You must often wonder if we deserve to have the sort of Parliamentary democracy that we have manufactured for ourselves. Ambitious politicians spend crores of rupees to make their way to the Lok Sabha. Then they indulge in all sorts of gimmickry to see that it does not work. They assemble in the House, take oaths to perform duties expected of them and then do their best not to let it function. Hundreds of crores of rupees go down Parliament drain with nothing achieved.
Can we do anything to stop this waste of time and money without compromising our commitment to democracy? I believe we can and have suggested a solution earlier in this column. I repeat what I wrote before.

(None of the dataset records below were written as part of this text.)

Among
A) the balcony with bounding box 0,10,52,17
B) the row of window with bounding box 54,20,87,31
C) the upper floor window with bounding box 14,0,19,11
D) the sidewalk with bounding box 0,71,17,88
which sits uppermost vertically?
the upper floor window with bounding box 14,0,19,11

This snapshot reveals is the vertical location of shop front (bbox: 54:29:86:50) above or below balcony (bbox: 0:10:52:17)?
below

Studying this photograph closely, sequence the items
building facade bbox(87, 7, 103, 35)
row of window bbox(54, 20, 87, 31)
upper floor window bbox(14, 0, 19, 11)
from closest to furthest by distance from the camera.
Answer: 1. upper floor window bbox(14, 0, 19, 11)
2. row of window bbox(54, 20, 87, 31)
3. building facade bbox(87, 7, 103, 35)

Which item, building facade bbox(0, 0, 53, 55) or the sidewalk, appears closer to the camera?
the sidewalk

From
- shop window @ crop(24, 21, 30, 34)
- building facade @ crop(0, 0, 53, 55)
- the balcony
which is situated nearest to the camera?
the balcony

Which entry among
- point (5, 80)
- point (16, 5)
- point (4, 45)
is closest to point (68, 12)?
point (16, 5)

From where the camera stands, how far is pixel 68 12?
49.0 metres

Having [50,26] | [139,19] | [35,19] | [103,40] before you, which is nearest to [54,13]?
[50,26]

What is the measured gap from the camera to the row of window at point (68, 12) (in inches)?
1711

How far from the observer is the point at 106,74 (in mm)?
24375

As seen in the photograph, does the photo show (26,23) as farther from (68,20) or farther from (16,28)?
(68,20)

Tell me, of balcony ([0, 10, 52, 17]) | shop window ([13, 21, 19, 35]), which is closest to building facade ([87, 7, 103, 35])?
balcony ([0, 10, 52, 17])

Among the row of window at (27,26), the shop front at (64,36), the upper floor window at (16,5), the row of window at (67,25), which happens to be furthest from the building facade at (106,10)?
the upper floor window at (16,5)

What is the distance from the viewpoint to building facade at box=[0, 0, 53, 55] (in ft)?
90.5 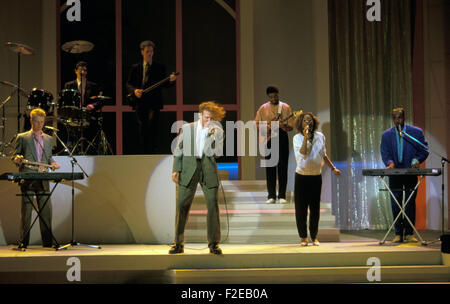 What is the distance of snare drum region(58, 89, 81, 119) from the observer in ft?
23.3

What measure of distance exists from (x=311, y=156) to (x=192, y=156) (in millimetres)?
1356

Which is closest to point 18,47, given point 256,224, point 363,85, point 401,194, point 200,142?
point 200,142

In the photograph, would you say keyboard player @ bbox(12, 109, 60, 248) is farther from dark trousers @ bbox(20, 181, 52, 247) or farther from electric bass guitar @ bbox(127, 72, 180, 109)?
electric bass guitar @ bbox(127, 72, 180, 109)

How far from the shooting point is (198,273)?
517cm

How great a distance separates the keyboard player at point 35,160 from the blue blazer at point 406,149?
389cm

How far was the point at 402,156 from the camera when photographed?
622 cm

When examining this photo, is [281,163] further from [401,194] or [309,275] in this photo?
[309,275]

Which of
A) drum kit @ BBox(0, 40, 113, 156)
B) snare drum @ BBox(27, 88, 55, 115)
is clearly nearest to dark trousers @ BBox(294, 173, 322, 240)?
drum kit @ BBox(0, 40, 113, 156)

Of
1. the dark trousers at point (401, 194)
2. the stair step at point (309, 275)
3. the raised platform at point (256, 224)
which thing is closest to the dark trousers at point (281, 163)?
the raised platform at point (256, 224)

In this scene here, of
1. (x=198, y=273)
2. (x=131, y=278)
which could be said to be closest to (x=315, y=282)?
(x=198, y=273)

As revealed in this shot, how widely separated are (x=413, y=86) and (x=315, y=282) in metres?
4.87

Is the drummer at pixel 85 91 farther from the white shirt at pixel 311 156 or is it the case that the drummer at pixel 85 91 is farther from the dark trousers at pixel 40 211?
the white shirt at pixel 311 156

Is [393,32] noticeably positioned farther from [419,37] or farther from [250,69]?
[250,69] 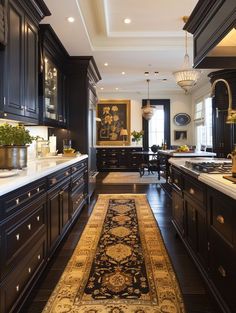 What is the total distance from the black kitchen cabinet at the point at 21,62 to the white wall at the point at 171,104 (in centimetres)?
765

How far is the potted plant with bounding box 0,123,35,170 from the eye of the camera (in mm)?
2256

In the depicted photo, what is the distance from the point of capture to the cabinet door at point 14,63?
97.2 inches

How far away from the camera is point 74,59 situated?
5.12 metres

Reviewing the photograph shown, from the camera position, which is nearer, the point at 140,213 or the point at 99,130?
the point at 140,213

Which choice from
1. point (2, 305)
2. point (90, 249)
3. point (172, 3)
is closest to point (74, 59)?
point (172, 3)

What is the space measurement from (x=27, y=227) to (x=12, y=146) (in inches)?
30.5

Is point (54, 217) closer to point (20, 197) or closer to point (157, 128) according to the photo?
point (20, 197)

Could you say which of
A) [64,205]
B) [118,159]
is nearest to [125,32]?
[64,205]

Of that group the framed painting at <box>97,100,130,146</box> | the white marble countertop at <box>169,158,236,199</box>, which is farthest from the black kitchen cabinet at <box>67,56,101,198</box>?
the framed painting at <box>97,100,130,146</box>

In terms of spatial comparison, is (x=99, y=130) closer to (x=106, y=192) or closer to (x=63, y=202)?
(x=106, y=192)

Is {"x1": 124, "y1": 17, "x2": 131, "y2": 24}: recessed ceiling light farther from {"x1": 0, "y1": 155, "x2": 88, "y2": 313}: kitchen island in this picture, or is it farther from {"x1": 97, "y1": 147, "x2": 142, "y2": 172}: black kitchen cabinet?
{"x1": 97, "y1": 147, "x2": 142, "y2": 172}: black kitchen cabinet

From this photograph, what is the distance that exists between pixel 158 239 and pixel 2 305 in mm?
2010

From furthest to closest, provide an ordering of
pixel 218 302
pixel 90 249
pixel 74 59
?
pixel 74 59 < pixel 90 249 < pixel 218 302

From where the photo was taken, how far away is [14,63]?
2.61 m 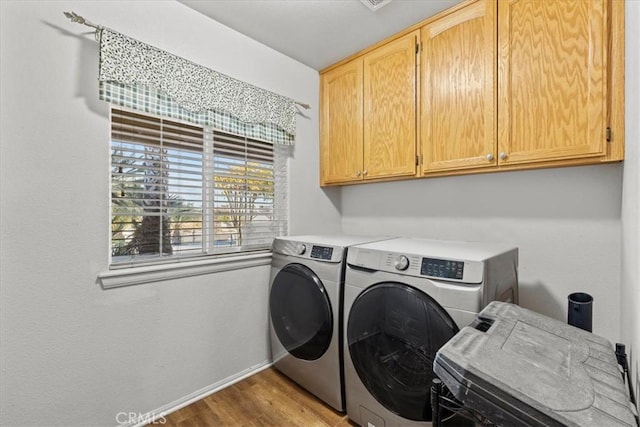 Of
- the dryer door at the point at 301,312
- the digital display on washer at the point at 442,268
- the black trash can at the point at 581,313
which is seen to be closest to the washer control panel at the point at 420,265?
the digital display on washer at the point at 442,268

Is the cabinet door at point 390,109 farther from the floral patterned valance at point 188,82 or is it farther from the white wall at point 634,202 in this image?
the white wall at point 634,202

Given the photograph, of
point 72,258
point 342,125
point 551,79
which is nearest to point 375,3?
point 342,125

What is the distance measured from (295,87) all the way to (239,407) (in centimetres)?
225

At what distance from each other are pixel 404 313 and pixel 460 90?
128 centimetres

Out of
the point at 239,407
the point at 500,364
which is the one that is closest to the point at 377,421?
the point at 239,407

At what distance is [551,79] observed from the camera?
1.33 meters

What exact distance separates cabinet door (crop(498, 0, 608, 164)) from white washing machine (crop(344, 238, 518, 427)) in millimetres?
561

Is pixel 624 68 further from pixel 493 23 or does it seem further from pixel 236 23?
pixel 236 23

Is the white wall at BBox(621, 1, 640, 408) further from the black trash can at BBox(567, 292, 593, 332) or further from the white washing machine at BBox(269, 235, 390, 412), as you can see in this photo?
the white washing machine at BBox(269, 235, 390, 412)

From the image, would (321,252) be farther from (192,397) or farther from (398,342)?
(192,397)

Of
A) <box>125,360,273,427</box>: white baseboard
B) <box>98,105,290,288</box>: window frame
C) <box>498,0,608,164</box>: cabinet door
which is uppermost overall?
<box>498,0,608,164</box>: cabinet door

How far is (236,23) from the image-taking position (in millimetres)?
1816

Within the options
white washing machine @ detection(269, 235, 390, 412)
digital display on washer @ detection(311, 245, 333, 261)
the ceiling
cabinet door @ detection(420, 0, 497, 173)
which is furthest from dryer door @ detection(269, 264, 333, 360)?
the ceiling

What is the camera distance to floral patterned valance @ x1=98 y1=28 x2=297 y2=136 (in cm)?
136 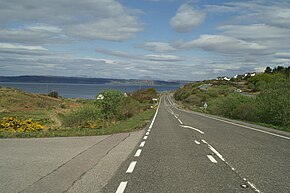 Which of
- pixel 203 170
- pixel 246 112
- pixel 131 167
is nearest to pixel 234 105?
pixel 246 112

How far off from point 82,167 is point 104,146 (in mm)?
3923

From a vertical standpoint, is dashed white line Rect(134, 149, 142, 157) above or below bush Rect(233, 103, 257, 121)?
above

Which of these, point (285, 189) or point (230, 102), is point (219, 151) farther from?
point (230, 102)

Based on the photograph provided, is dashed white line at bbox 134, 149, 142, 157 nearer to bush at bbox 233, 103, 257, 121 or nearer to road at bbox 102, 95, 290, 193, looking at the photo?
road at bbox 102, 95, 290, 193

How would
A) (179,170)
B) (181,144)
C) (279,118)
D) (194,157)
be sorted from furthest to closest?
(279,118) < (181,144) < (194,157) < (179,170)

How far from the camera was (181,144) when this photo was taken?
13.4 m

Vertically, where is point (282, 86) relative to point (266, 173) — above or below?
above

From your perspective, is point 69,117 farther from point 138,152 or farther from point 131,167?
point 131,167

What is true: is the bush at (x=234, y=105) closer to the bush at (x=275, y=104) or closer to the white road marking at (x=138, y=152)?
the bush at (x=275, y=104)

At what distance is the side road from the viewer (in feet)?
22.1

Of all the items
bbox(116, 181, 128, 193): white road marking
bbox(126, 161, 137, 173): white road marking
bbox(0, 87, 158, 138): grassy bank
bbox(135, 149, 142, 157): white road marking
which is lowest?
bbox(0, 87, 158, 138): grassy bank

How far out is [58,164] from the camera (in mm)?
8844

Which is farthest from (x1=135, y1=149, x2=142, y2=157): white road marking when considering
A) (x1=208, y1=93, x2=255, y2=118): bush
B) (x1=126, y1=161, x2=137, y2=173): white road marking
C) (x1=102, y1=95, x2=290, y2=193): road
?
(x1=208, y1=93, x2=255, y2=118): bush

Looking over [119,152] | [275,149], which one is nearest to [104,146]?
[119,152] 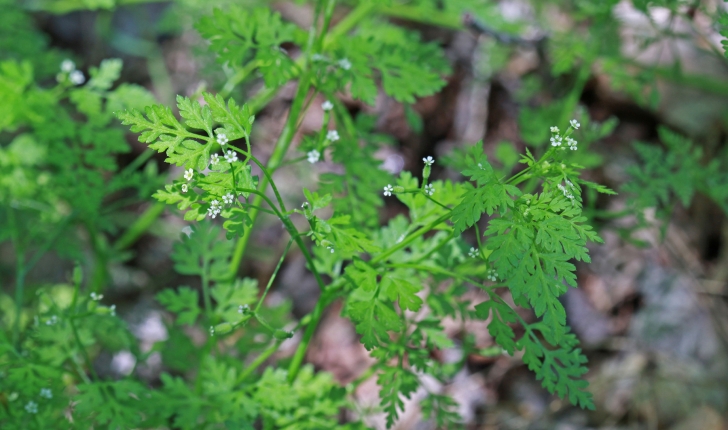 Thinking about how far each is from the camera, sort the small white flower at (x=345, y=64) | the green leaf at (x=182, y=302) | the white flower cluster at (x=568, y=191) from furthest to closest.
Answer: the green leaf at (x=182, y=302)
the small white flower at (x=345, y=64)
the white flower cluster at (x=568, y=191)

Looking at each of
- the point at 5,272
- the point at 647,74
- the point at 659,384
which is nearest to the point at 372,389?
the point at 659,384

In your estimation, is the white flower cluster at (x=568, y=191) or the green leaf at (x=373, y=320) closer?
the white flower cluster at (x=568, y=191)

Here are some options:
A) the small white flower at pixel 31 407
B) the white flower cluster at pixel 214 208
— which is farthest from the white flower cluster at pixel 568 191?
the small white flower at pixel 31 407

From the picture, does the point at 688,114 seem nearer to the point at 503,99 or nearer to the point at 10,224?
the point at 503,99

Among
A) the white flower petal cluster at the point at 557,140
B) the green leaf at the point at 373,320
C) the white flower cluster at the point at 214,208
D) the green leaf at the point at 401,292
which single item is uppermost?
the white flower petal cluster at the point at 557,140

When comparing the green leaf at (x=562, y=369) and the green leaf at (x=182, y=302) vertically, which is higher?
the green leaf at (x=562, y=369)

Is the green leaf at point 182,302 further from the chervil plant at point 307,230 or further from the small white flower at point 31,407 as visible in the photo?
the small white flower at point 31,407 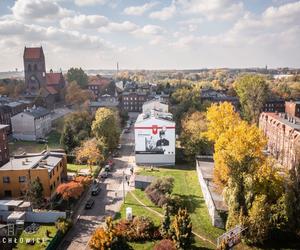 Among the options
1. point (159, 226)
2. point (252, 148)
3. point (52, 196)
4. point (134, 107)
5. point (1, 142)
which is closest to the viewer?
point (159, 226)

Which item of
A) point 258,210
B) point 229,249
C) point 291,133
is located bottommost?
point 229,249

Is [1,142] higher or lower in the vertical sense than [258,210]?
higher

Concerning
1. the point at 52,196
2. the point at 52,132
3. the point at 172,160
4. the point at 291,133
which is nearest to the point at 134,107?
the point at 52,132

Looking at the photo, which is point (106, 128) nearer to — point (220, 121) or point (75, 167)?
point (75, 167)

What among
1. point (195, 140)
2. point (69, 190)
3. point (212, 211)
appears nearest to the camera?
point (212, 211)

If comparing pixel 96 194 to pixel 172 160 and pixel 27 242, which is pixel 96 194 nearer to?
pixel 27 242

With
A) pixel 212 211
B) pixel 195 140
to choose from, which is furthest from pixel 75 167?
pixel 212 211

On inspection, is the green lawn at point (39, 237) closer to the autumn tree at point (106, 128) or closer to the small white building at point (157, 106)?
the autumn tree at point (106, 128)

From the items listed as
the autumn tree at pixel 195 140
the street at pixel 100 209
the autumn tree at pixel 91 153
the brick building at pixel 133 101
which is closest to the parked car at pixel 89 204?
the street at pixel 100 209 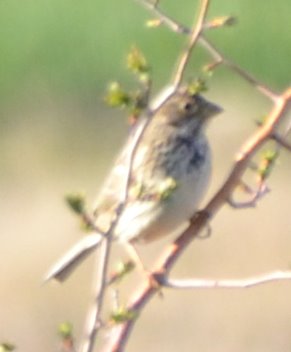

All we have to do is to switch over from the British form of Parliamentary democracy to the French or American form of Presidential democracy. Every five years we should elect a President. Then let him or her form his or her Cabinet from the ablest men and women available in the country whether or not they are members of the legislature. Every year or so they should face a vote of confidence and quit if they fail to carry a majority with them. It requires will to change for the better. I don’t think we have the will.
Inder Gujral
I join Inder Gujral’s family and friends in mourning his death. Although he did not make a great prime minister and had a very short tenure as one, he was a gentleman of great erudition. He was not a mob orator shouting Jai Hind at the end of his oration: he was as polished a speaker as any I have heard. Whenever I had occasion to hear him speak, I carried my notebook with me because his speeches were full of appropriately witty Urdu couplets. One I have often quoted runs as follows:
Haq accha
Hac kay liye koee aur marey
To aur acchaa
Tum bhee koi sarmad ho
Jo soolee par charroh?
Khamosh Raho
Truth is great/ If someone else dies for it/
It is better/ Are you some sarmad (the martyr)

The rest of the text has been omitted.